Bankman-Fried did not respond to a request for comment about the transaction.
On Friday, Bankman-Fried, now an ex-billionaire who once positioned himself as the face of responsible crypto, resigned from the exchange as the company declared bankruptcy.
“I’m sorry. That’s the biggest thing,” the 30-year-old wrote on Twitter the day before he quit, “I fucked up, and should have done better.”
Before the recent scandal unfolded, FTX was the third-largest cryptocurrency exchange in the world, valued at $32 billion. Bankman-Fried, known in the crypto world as “SBF,” was hailed as a responsible adult in the often wild-west atmosphere of crypto speculation. His company stepped in to bail out other struggling crypto companies. Bankman-Fried lobbied politicians, and was major Democratic donor.

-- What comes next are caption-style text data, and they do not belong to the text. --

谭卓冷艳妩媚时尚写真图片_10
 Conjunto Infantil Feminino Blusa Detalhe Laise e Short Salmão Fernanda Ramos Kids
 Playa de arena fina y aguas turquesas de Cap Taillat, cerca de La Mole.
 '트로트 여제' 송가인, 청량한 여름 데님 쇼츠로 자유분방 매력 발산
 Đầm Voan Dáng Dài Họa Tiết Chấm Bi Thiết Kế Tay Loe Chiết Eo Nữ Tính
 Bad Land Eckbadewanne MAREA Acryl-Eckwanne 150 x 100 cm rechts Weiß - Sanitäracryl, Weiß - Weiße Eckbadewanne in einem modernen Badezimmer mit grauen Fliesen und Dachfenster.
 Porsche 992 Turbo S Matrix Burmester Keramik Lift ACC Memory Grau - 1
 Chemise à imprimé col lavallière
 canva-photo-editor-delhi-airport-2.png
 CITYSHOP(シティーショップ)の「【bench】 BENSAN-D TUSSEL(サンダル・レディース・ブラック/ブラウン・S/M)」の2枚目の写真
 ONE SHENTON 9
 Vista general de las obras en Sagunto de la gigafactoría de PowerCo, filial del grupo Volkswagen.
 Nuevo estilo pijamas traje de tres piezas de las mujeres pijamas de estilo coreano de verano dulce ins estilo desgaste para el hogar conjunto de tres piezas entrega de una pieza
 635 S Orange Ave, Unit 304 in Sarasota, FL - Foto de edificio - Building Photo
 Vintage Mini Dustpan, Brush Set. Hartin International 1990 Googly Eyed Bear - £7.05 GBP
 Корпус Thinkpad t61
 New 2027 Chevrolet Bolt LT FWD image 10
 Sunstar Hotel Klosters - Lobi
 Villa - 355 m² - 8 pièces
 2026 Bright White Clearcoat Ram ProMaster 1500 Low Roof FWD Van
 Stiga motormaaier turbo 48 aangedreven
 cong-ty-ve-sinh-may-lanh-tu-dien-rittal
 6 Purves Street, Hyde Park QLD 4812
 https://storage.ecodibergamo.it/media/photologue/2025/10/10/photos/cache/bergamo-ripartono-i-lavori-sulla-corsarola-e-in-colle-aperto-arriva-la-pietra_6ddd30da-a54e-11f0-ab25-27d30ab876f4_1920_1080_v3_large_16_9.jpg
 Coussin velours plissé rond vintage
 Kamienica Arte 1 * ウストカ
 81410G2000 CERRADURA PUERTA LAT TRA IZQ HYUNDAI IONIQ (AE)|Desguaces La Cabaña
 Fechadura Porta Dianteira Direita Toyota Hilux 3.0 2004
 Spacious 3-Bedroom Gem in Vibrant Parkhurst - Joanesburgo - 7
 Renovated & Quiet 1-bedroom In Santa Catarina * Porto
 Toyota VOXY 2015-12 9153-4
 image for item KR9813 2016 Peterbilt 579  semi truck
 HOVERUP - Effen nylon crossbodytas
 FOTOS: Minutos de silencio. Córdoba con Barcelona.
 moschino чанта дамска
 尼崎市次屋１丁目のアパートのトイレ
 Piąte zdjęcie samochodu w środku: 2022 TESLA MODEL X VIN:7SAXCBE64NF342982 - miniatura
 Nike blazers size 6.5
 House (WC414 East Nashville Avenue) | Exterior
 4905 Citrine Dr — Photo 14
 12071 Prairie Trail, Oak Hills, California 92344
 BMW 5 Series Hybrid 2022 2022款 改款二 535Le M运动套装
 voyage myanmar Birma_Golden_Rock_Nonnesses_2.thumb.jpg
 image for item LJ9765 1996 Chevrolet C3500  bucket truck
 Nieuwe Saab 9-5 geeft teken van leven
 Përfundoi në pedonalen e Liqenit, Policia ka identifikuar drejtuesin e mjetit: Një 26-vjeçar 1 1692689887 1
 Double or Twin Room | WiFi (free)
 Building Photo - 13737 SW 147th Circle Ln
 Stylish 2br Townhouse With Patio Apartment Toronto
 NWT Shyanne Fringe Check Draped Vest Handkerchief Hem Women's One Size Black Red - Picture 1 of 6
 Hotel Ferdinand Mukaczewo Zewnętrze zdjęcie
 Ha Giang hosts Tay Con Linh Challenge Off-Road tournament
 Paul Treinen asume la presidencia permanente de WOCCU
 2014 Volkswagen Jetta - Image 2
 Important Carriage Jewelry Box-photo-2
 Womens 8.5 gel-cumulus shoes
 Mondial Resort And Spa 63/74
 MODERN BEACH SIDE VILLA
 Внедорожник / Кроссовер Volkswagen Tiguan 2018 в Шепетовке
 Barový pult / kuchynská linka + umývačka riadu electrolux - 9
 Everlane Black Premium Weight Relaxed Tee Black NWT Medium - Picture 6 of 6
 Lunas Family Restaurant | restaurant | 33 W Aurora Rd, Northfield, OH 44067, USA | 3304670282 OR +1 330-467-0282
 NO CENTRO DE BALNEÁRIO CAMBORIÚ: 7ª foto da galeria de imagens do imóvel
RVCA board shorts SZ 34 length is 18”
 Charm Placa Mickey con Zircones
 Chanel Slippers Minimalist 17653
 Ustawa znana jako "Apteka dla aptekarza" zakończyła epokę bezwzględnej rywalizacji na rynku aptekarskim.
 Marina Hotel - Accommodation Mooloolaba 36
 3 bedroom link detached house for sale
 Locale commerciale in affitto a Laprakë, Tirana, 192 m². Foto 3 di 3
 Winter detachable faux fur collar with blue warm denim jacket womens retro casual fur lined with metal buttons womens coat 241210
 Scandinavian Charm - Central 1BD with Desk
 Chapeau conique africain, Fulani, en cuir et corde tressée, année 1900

But the company’s “death spiral” began earlier this week when Bankman-Fried announced that FTX would be acquired by one of its biggest competitors, Binance, amid rumors of a severe liquidity crunch. Less than 30 hours later, Binance pulled out of the deal, stating that the problems at FTZ were “beyond our control or ability to help.”
Bankman-Fried took to Twitter on Thursday to reassure users the company was doing “everything we can to raise liquidity.” But it was too late. A day later, he resigned.
Elon Musk weighed on the scandal in the early hours of Saturday morning, telling 60,000 users on Twitter Spaces that he had met with Bankman-Fried when looking for potential investors in his bid to buy Twitter.
“I talked to him for about half an hour. And I know my bullshit meter was redlining. It was like, this dude is bullshit–that was my impression,” Musk said, according to reporting by Coin Desk. “Then I was like, man, everyone including major investment banks–everyone was talking about him like he’s walking on water and has a zillion dollars. And that [was] not my impression… that dude is just–there’s something wrong, and he does not have capital, and he will not come through. That was my prediction.”
Musk advised listeners to keep their crypto in cold wallets, which are storage devices not directly connected to the internet, rather than in cryptocurrency exchanges like FTX.